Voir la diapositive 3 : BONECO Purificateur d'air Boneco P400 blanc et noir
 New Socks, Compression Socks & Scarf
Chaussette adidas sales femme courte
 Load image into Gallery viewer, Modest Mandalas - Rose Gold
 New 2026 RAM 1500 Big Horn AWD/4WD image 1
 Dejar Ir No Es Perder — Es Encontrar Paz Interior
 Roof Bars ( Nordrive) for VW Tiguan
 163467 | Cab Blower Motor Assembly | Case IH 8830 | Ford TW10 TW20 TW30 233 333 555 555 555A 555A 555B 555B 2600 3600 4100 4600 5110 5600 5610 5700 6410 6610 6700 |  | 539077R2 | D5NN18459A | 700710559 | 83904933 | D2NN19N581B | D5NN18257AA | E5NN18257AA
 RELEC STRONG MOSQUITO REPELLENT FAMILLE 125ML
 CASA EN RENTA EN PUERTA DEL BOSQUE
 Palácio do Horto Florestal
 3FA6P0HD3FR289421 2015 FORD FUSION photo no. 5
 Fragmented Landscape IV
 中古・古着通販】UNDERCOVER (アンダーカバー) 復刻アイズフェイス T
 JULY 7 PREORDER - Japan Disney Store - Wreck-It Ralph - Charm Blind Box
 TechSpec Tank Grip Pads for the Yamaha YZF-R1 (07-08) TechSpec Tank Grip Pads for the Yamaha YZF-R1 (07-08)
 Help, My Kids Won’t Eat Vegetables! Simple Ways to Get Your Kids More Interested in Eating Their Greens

PROBLEM TO SOLVE :: Search the records for the word "image" and copy every line where it occurs.

THE COMPLETED TASK ::
 Load image into Gallery viewer, Modest Mandalas - Rose Gold
 New 2026 RAM 1500 Big Horn AWD/4WD image 1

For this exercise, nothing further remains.